Another documentary profile (maybe) of an artist (maybe) on the margins of the mainstream, Exit Through the Gift Shop is also out on DVD from Mongrel, and if you didn’t catch it during its theatrical run last spring, do yourself a favour. Attributed to Banksy, the mysterious English street artist who rose from standard tags to audacious pranks of wry social commentary to six-figure sales at Sotheby’s, the film’s about a guy named Thierry Guetta who ostensibly wanted to make a film about Banksy, but through a combination of incompetence and colossal enthusiasm became instead the subject of Banksy’s crazy, clever, and very, very funny work.
Thierry is a 21st century variation on the obsessive-compulsive image archivist we find in the stories of Italo Calvino and Javier Marías, or in Camera Buff (79), the brilliant early feature from Krzysztof Kieslowski. Once Thierry gets hold of a video camera he can’t stop shooting for fear he might miss something—a foolproof way of missing out on an entire life. After Thierry logs countless hours of street art in action, and gains the trust of the ruthlessly camera-shy Banksy, he finally churns out a virtually unwatchable documentary about the whole movement that seems to take its designs from Lou Reed’s legendary noise manifesto Metal Machine Music (75), though without the sense of purpose. (Truth is, I kind of like Metal Machine Music.) Banksy, basically as a way to get of him and re-work the footage on his own, talks Thierry into trying his hand at street art instead, and while Thierry seems hardly better with this new medium, his concept-free, wildly appropriative pop art becomes a smash. It’s been pointed out that Thierry’s entire story might be complete bullshit. All I know is, whatever the facts are, the absurdly inarticulate but relentlessly game Thierry gives what’s easily among the funniest performances of the year.

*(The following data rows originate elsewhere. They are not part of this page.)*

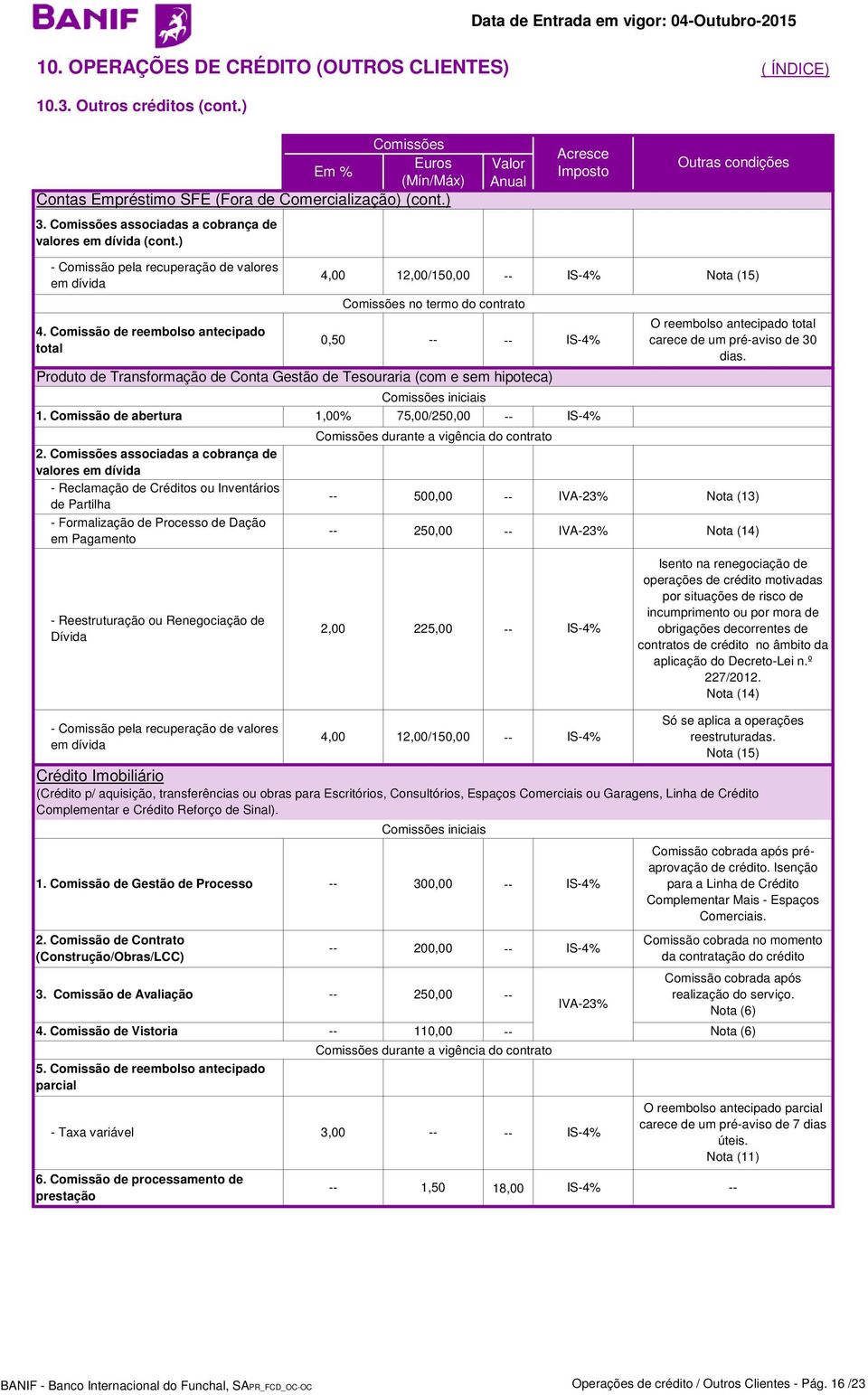 Comissão de abertura 1,00% 75,00/250,00 2. associadas a cobrança de 500,00 250,00 Nota (13) 2,00 225,00 4,00 12,00/150,00 1. Comissão de Gestão de Processo 300,00 200,00 4.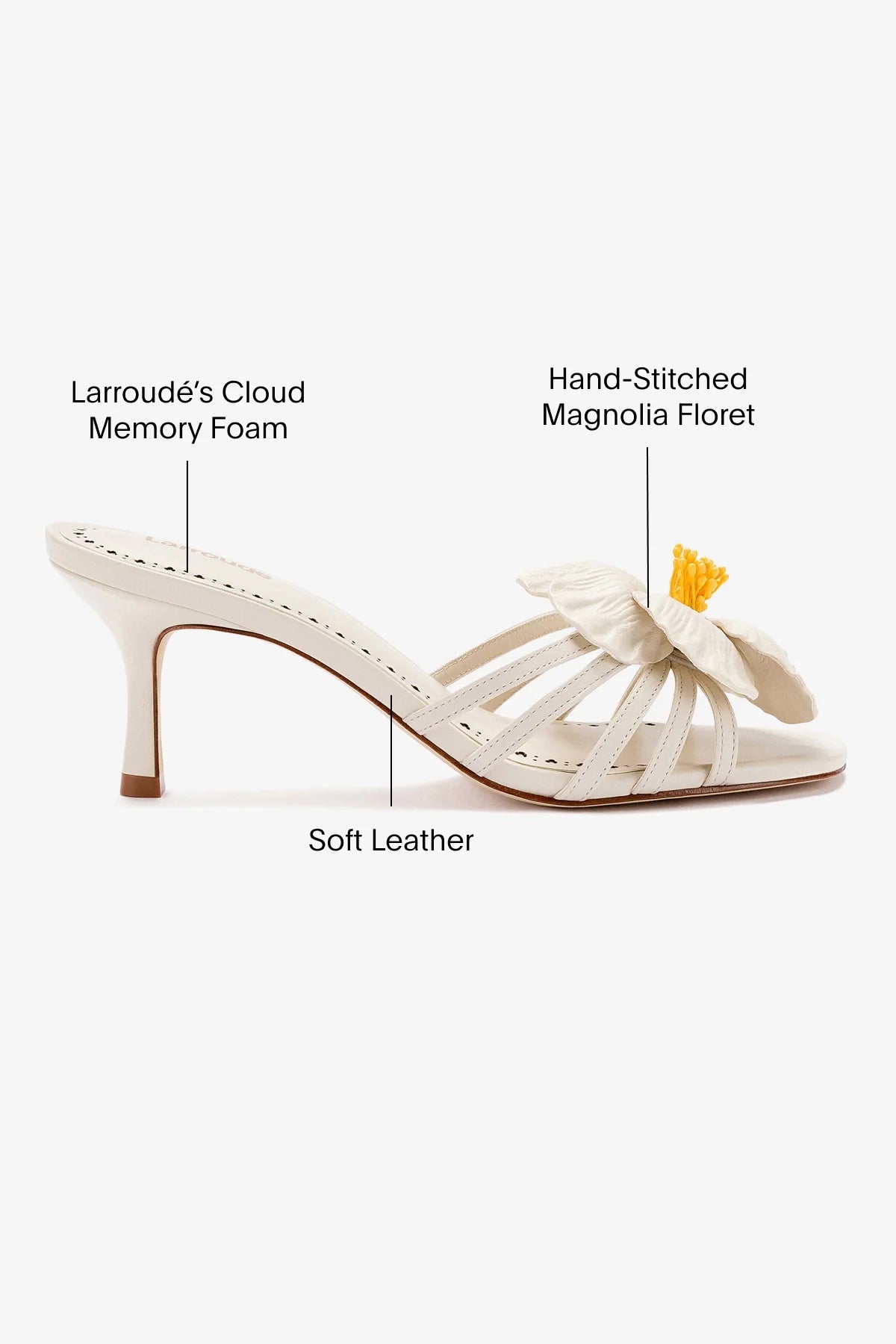 Larroude Magnolia Mule In Ivory Leather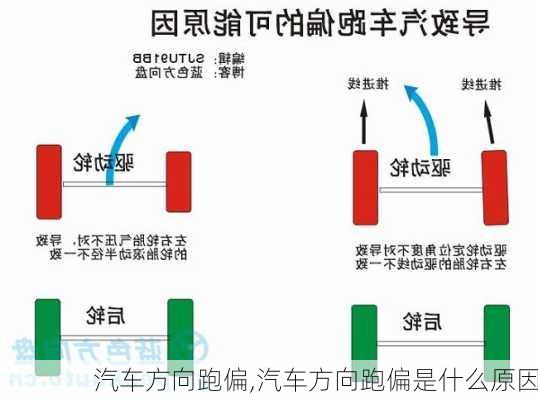 汽车方向跑偏,汽车方向跑偏是什么原因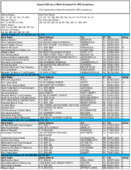 The August 2006 List of Banks Examined for CRA Compliance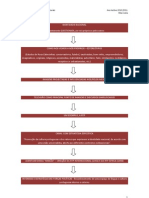 Matriz Cultural Esquema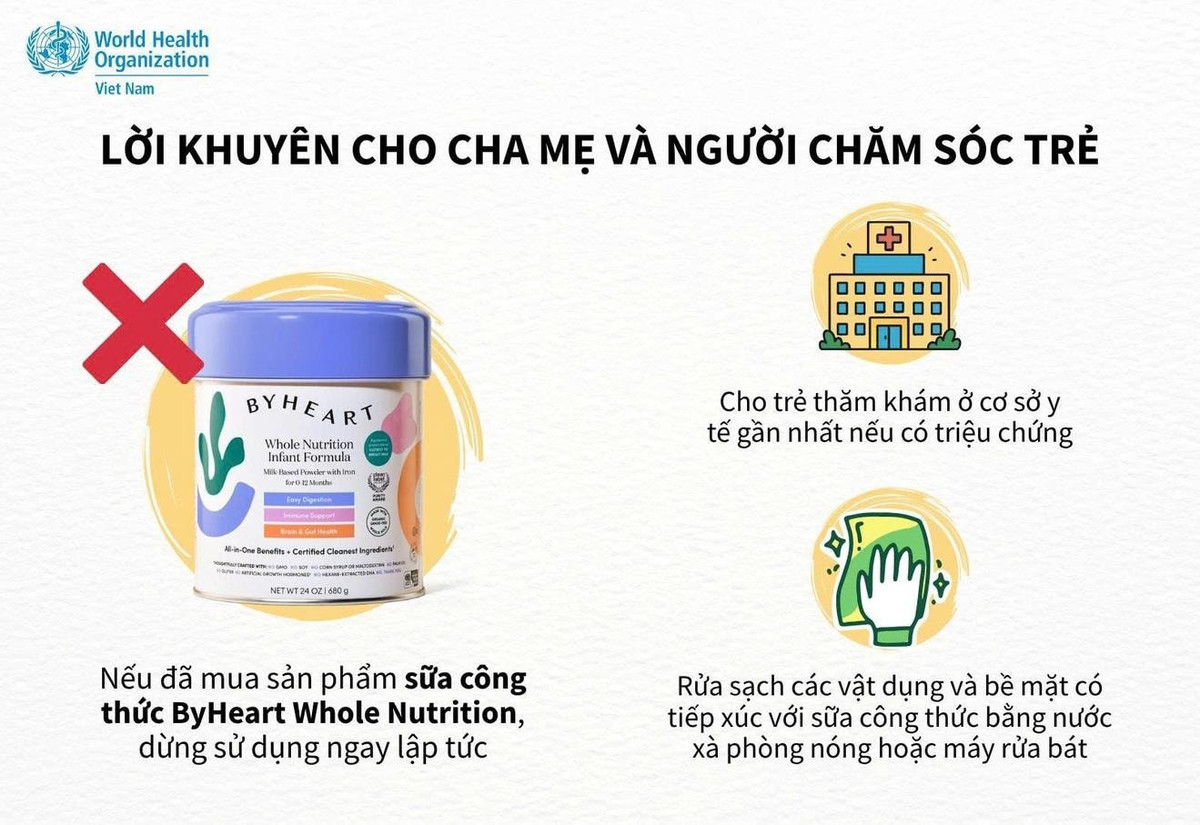 Tổ chức Y tế thế giới cảnh báo về sản phẩm sữa ByHeart Whole Nutrition Infant Formula bị nhiễm khuẩn. Ảnh: WHO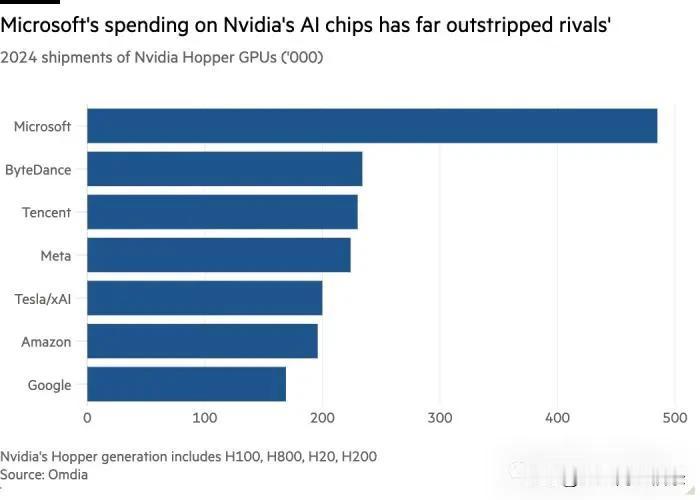 微软买了英伟达48万块GPU，果然是最专一的只做软件，不做硬件。mate和谷歌都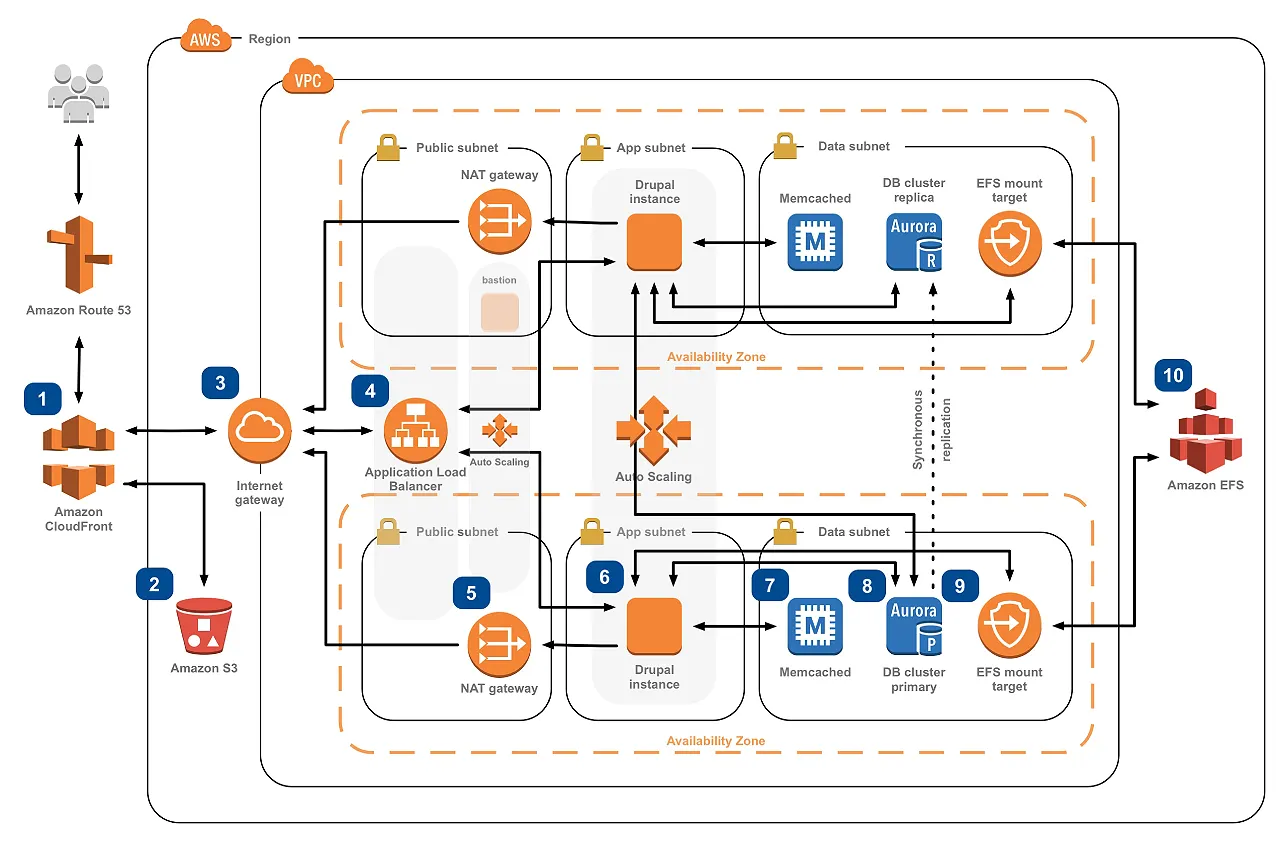Example AWS reference architecture for Drupal: Route 53, CloudFront, S3, load balancer, auto scaling Drupal instances, Memcached, Aurora and EFS across two availability zones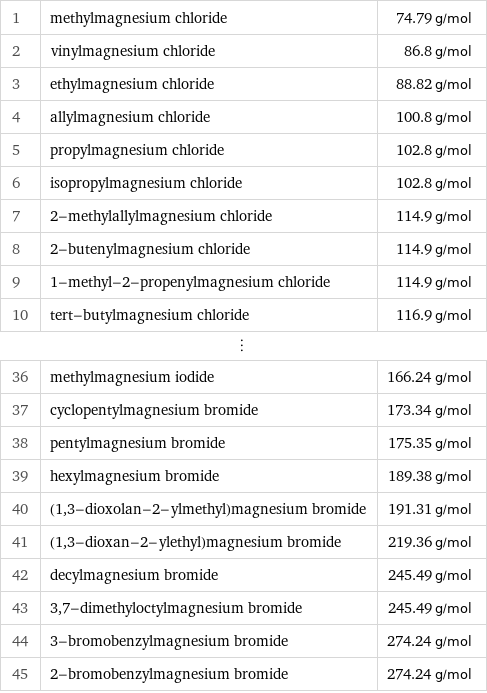 1 | methylmagnesium chloride | 74.79 g/mol 2 | vinylmagnesium chloride | 86.8 g/mol 3 | ethylmagnesium chloride | 88.82 g/mol 4 | allylmagnesium chloride | 100.8 g/mol 5 | propylmagnesium chloride | 102.8 g/mol 6 | isopropylmagnesium chloride | 102.8 g/mol 7 | 2-methylallylmagnesium chloride | 114.9 g/mol 8 | 2-butenylmagnesium chloride | 114.9 g/mol 9 | 1-methyl-2-propenylmagnesium chloride | 114.9 g/mol 10 | tert-butylmagnesium chloride | 116.9 g/mol ⋮ | |  36 | methylmagnesium iodide | 166.24 g/mol 37 | cyclopentylmagnesium bromide | 173.34 g/mol 38 | pentylmagnesium bromide | 175.35 g/mol 39 | hexylmagnesium bromide | 189.38 g/mol 40 | (1, 3-dioxolan-2-ylmethyl)magnesium bromide | 191.31 g/mol 41 | (1, 3-dioxan-2-ylethyl)magnesium bromide | 219.36 g/mol 42 | decylmagnesium bromide | 245.49 g/mol 43 | 3, 7-dimethyloctylmagnesium bromide | 245.49 g/mol 44 | 3-bromobenzylmagnesium bromide | 274.24 g/mol 45 | 2-bromobenzylmagnesium bromide | 274.24 g/mol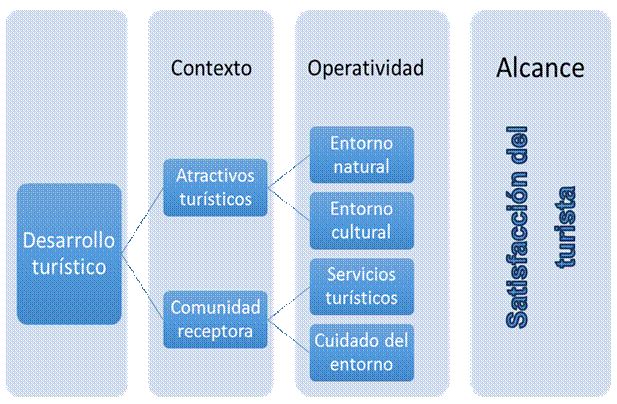 Constructo investigativo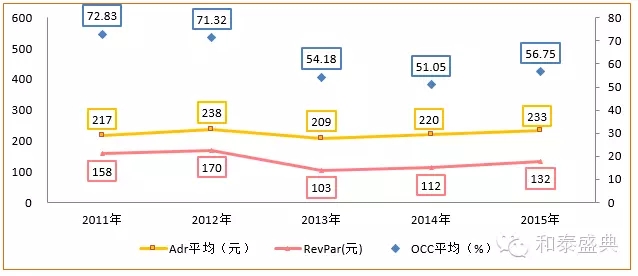 平面构成_酒店收入构成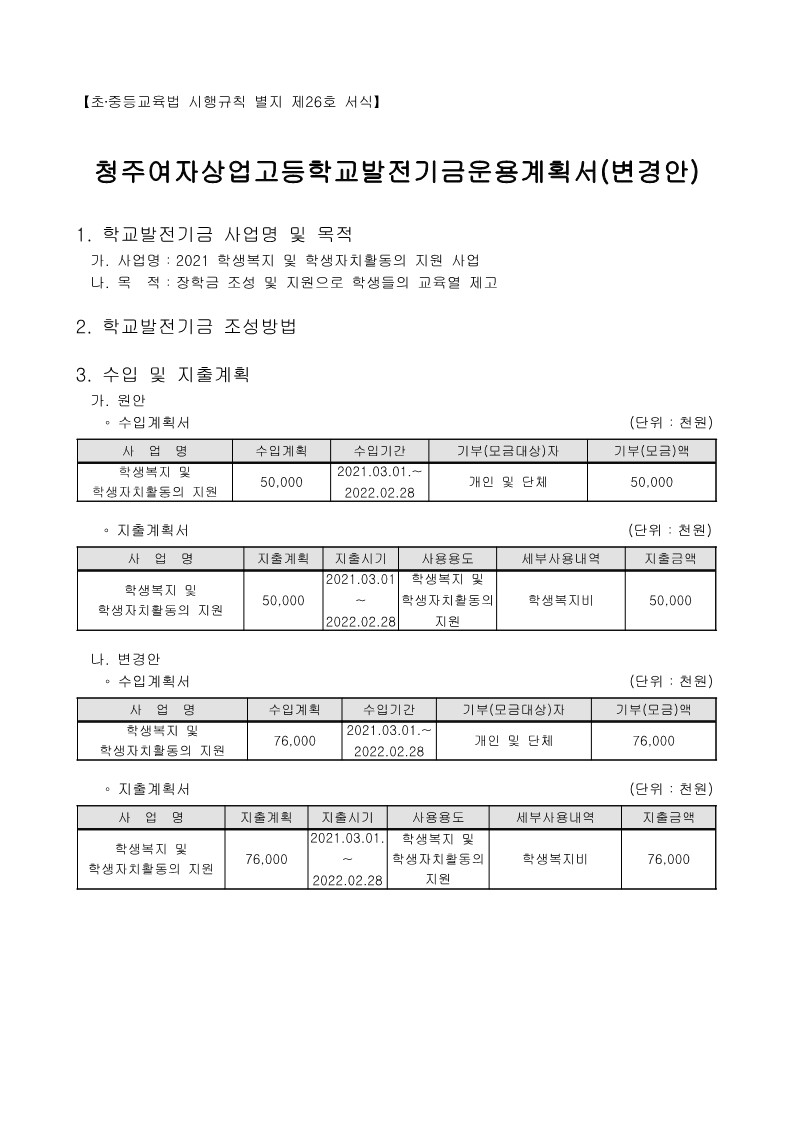 2021. 청주여자상업고등학교발전기금운용계획서(변경안)_1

Exit Through the Gift Shop’s coolest extra is probably the postcards and stickers in its sleeve, but there’s also a pretty good short about Banksy that more straightforwardly describes his progress as an artist. It features glowing appraisals from not only the late actor and collector Dennis Hopper, but also art world superstar Damien Hirst. But, just so you don’t get your hopes up, you still don’t get to see Banksy’s face.